Before we get into the math, let’s look at what’s actually happening.
On wind loads for a second: Wind isn’t a universal force that applies only from one vector. Winds can affect your structure from the sides, top, and bottom; while a microburst may come from above, wind spill will often come from the sides. Additionally, winds from the sides can catch the underside of the sail and create uplift. Have you ever seen winds grab an umbrella and throw it into the next ZIP code? That’s the same concept.
Okay, so wind exists. Neat. How much do we have to allow for? Generally we have to build for a 3-second wind gust of 100mph and for a minimum wind load of 18.2 pounds per square foot. Let’s round that up to 20 pounds per square foot for the sake of calculation.
The Math Behind the Force → The Math Behind the Load
If you have, say, a four-corner 20’ x 20’ panel, that’s 400 square feet. Multiply that by 20 and we have to constrain a force of 8,000 pounds. 4 tons. 1 ton at each corner, applied at the distal end of a cantilever. That’s not nothing.

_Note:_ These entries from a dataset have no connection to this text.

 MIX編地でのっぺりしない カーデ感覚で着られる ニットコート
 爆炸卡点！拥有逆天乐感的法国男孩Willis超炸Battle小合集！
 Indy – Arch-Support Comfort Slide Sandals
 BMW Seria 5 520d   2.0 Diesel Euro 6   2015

Why Footers Matter → Why Footers Actually Matter
Obviously materials have a big impact on what we do but I’ll leave that for another conversation: Right now I want to go into holes.
Most commonly we construct concrete footers (similar to piles) by digging a hole. How deep? The rule of thumb is that the footer should be 1/3 the total column height; if you have a column 8’ aboveground, the footer is generally 4’. Most commonly footer diameters are approximately 4x the diameter of the column that the footer supports. Yes, that’s deep.

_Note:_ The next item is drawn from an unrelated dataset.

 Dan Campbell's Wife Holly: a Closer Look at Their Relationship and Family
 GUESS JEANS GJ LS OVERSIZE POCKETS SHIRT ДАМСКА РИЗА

Concrete Isn’t Enough (By Itself) → Why Concrete Isn’t Enough (By Itself)
Concrete is itself a pretty amazing material; while I won’t go into the history of concrete and the Roman use of lime clasts and slump and aggregate mixture here, it’s worth pausing a moment to be impressed at what concrete can do. However, concrete by itself is not the end-all. It is poor in tension and requires reinforcement, usually in the form of rebar; these can be spikes or cages, but a proper concrete footer does require some form of added strength. Concrete is extremely strong in compression but when you try to pull it apart – such as with a strong wind pulling on a sail – it will fail if not properly reinforced. Then your column comes out and your sail falls over and everyone is sad.

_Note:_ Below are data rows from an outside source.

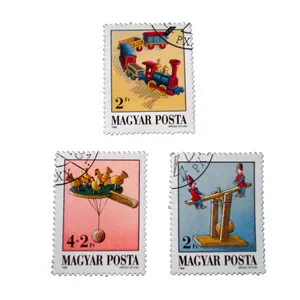 تمبر یادگاری طرح یادبود مدل اسباب بازی کد toy-566 مجموعه 3 عددی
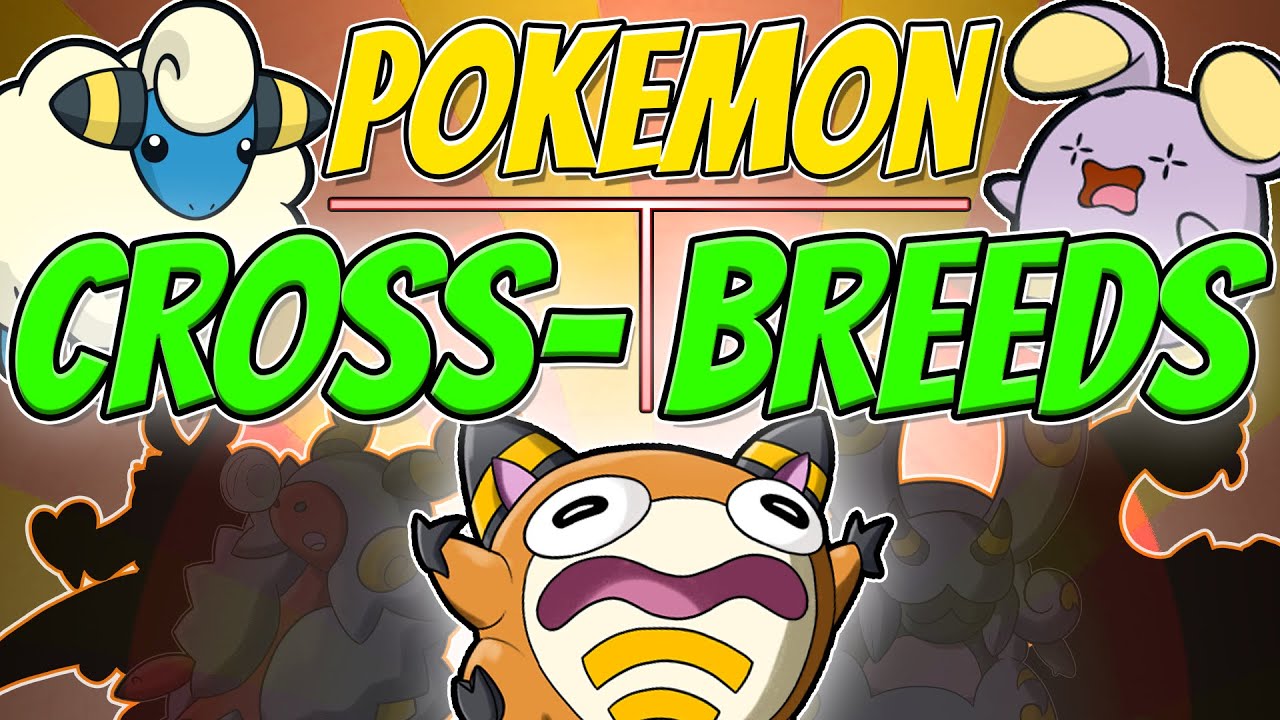 The potential of Pokemon Cross-Breeding - ft. Neckpunch
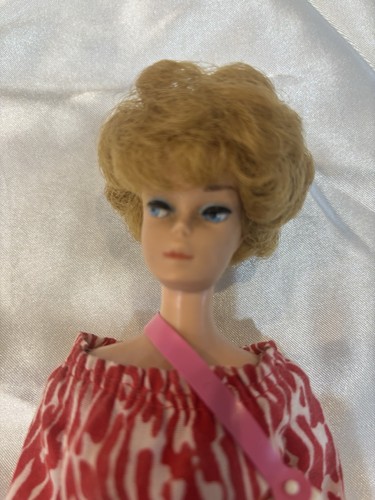 Barbie Vintage 1962 'Bubble Cut' Blonde – Mattel Fabriqué Au Japon
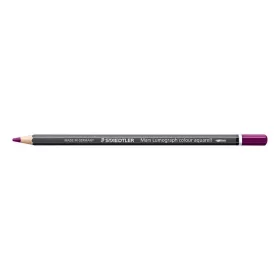   Akvarell színes ceruza, hatszögletű, STAEDTLER Mars&reg; Lumograph&reg; 104, lila (TS104622)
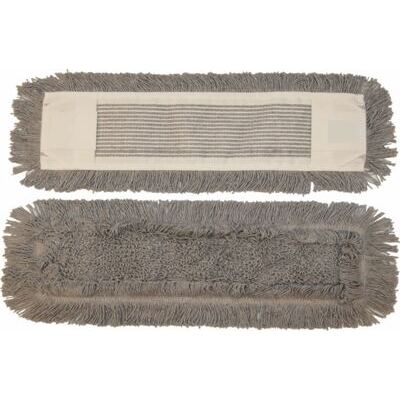 Mop combiné coton/polyester gris 50 cm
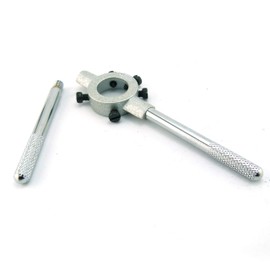 Schwan Die Holder with Clamping Screws for Die Tap M3 - M12 / Size 25 x 9 / DIN 225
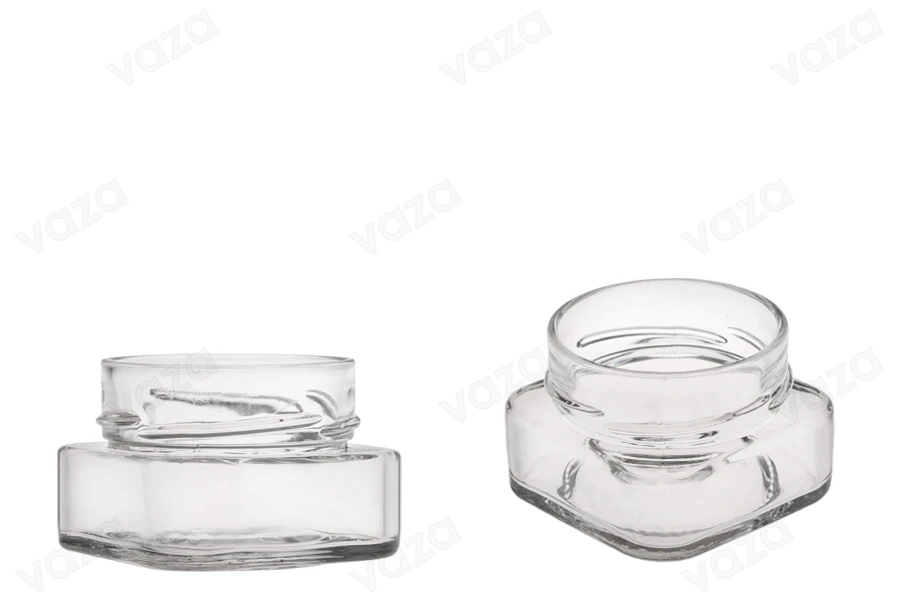 Viereckiges Glas 106 ml T.O 70 DEEP-bildabmessungen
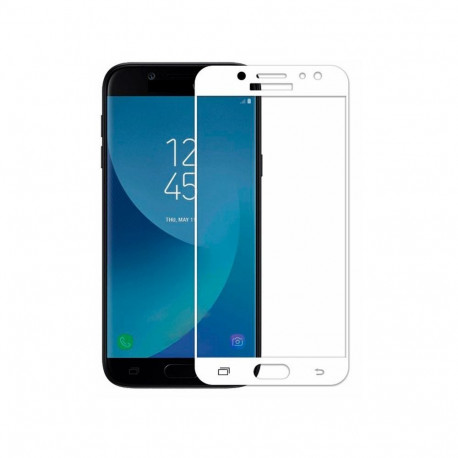 iLike Samsung J3 2017 J330 5D Tempered glass White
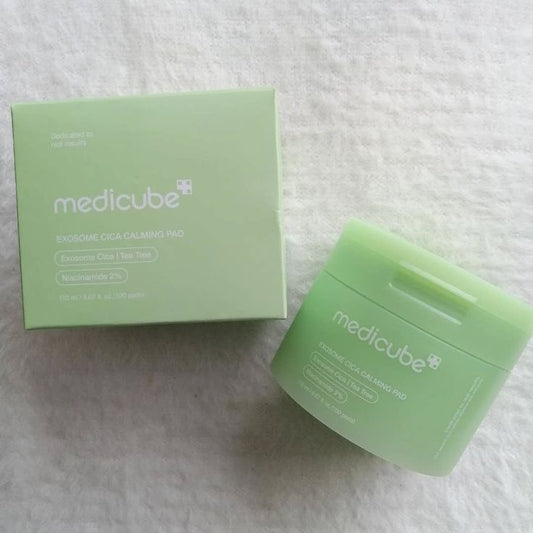 MEDICUBE - Exosome cica calming pad - 150 ml
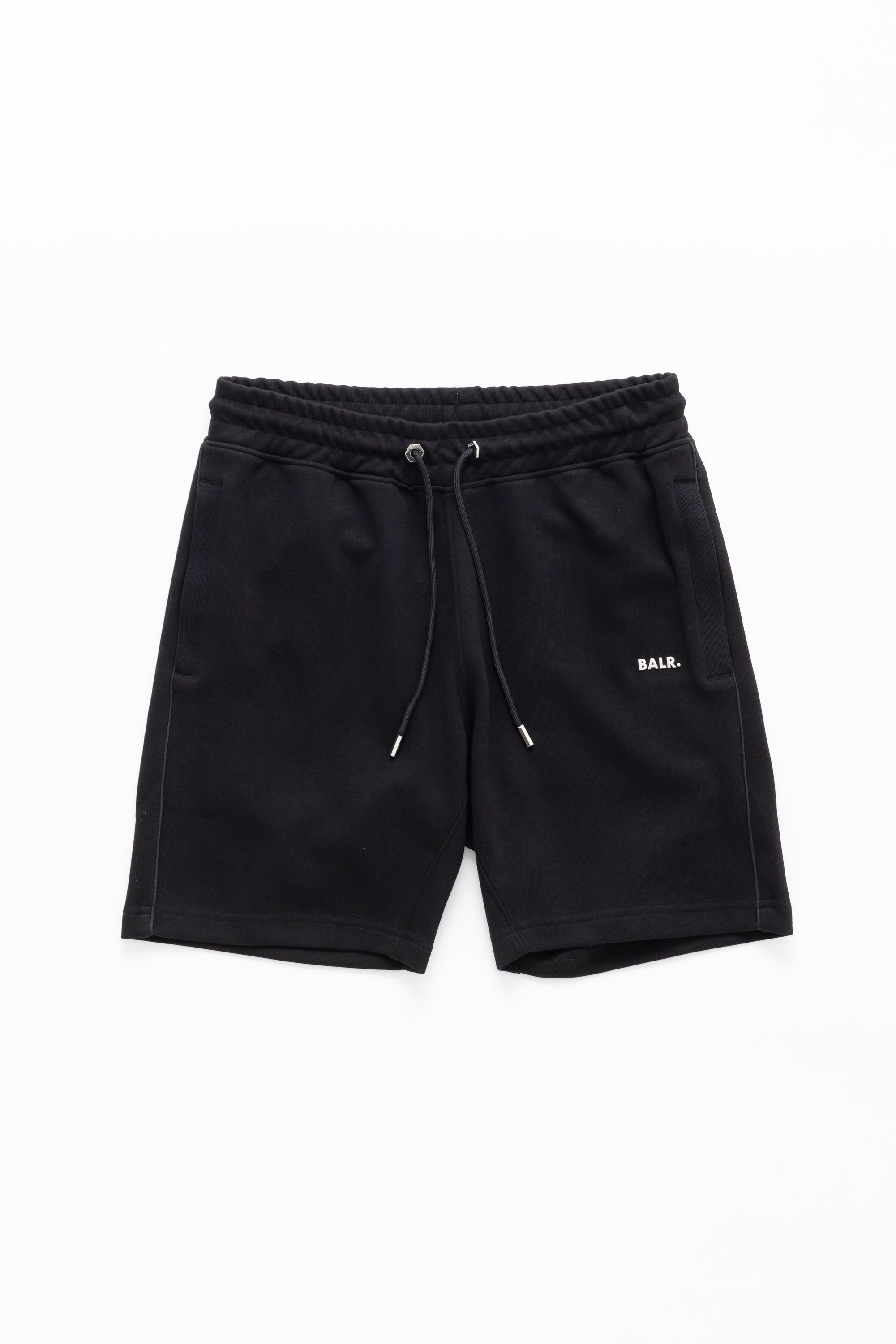 【美品】BALR. 高級スウェットショートパンツ メタルロゴ 古着 大人気 M 美品】BALR. 高級スウェットショートパンツ メタルロゴ 古着 大人気 M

Concrete Isn’t Enough (By Itself) → Why Concrete Isn’t Enough (By Itself)
When a vertical footer itself is impossible or impractical we may turn to a spread footer. This is a footer that is built to be wide rather than very deep; it has the benefit of spreading load over a wider surface area, but the disadvantage of being less resistant to side-loading. Similarly to a vertical footer, a spread footer must always be reinforced. (All footers must be reinforced. Don’t just get a few bags of concrete and throw them in a hole; that would be a Bad Idea.) A spread footer seems attractive because you don’t have to dig as deep, but because it concentrates less weight down low the tipping point of the column raises and therefore the tip threshold lowers. When we do build a spread footer we almost always anchor it to bedrock with drilled and epoxied-in-place anchors.
Concrete Isn’t Enough (By Itself) → Why Concrete Isn’t Enough (By Itself)
The concrete pad of your porch looks like a spread footer so it must be just as good, right?
Not so much. Don’t just fire some Tapcons into your porch or driveway. That will not end well. The concrete used in typical residential and commercial pads is generally only 4” thick, which is nowhere near deep enough to embed the anchors required to properly secure a column anchor for a shade structure. Think about it this way if you’re trying to visualize how much force this is: Take your column and bolt it to your driveway. Now drive a truck right into the column. Think the concrete will hold? Nope, probably not. The same applies with a sail that catches a massive wind gust: It will crack the concrete and end in sadness.
Final Takeaways → What This Means for Your Build
Ultimately, what are the lessons on building a footer?
Broadly speaking, deeper is better than wider. Always use a rebar cage or reinforcement protocol. Even though you don’t see them, don’t skimp on the footers: They’re the first line of defense between a beautiful, useful structure and a bunch of guys scratching their heads while standing around a tangled and expensive mess.